3. Workflow & Architecture Overview

1. Provision Host: Start with a clean Server instance.
2. Configure Host via Ansible: Run Ansible playbooks against the new host to:
   • Ensure SSH is configured securely.
   • Install Docker engine.
   • Install and configure the Tailscale client, joining it to the designated Tailnet.
   • Install rclone and configure it to access the shared Google Drive. Potentially set up systemd units to mount the drive automatically.
3. Deploy Management & Core Services:
   • Use Komo.do (or manual Docker commands/compose initially) to deploy core infrastructure containers:
     • Netdata container for monitoring.
     • The DockFlare container/service.
4. Deploy Applications:
   • Use Komo.do to deploy application containers.
   • Configure application containers requiring persistent or shared data to use volumes mapped to the rclone Google Drive mount point.
5. Expose Services:
   • Configure the DockFlare service to automatically detect specified running containers and create/manage Cloudflare Tunnels to expose them securely to the internet (handling HTTPS and reverse proxying).
6. Maintain Configuration: All Ansible playbooks, rclone setup scripts, potentially Docker Compose files (if used alongside Komo.do), and DockFlare configurations are stored and version-controlled in the private GitHub repository.

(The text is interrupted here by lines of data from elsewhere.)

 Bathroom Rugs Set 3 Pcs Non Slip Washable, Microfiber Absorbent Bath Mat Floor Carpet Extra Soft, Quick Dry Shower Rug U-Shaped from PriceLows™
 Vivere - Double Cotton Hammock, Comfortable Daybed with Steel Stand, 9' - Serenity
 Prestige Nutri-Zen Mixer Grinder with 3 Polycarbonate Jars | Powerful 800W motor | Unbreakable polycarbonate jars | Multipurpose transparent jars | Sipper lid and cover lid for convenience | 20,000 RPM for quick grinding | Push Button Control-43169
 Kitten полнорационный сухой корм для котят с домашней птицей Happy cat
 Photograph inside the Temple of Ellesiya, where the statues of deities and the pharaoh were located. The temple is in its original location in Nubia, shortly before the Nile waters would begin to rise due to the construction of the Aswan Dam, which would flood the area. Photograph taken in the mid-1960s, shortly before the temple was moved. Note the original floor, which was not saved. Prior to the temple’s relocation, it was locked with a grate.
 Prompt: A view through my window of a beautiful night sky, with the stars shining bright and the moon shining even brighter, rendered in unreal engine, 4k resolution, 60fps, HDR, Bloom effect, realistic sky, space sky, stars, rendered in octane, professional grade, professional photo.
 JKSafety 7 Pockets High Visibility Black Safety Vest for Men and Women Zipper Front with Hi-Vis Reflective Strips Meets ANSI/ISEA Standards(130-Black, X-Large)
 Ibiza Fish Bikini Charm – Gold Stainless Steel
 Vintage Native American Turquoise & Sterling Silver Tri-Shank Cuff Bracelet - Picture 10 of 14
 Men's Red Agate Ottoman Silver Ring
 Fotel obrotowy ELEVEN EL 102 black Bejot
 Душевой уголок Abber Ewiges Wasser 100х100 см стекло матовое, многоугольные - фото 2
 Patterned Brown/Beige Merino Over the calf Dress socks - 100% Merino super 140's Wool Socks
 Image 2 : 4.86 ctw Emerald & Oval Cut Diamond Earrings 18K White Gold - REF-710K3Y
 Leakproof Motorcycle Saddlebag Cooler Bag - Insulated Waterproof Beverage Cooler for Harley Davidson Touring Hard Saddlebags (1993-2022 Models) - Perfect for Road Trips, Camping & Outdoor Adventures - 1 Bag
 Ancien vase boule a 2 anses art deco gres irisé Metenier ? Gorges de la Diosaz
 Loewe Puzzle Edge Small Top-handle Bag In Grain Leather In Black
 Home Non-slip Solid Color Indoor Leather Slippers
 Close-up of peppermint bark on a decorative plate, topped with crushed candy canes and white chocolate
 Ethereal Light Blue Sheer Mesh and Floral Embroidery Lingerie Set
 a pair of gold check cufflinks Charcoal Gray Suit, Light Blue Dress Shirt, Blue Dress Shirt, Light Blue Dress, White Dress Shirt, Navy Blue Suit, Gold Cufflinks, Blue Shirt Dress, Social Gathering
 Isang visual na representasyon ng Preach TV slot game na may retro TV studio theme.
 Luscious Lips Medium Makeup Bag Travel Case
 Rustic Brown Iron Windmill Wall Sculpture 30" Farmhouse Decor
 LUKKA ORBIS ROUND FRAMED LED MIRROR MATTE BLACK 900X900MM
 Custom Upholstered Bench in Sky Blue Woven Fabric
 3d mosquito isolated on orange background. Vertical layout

4. Key Implementations & Tools

• Cloudflare Tunnel Automation: Utilize the custom project DockFlare available at:
  • https://github.com/ChrispyBacon-dev/DockFlare
  • Purpose: Automate the creation and management of Cloudflare Tunnels based on running Docker containers, simplifying secure public exposure.
• Shared Storage Mechanism: Rely on rclone to bridge the gap between Docker hosts and Google Drive, providing a centralized location for data that needs to survive container/host restarts or replacements.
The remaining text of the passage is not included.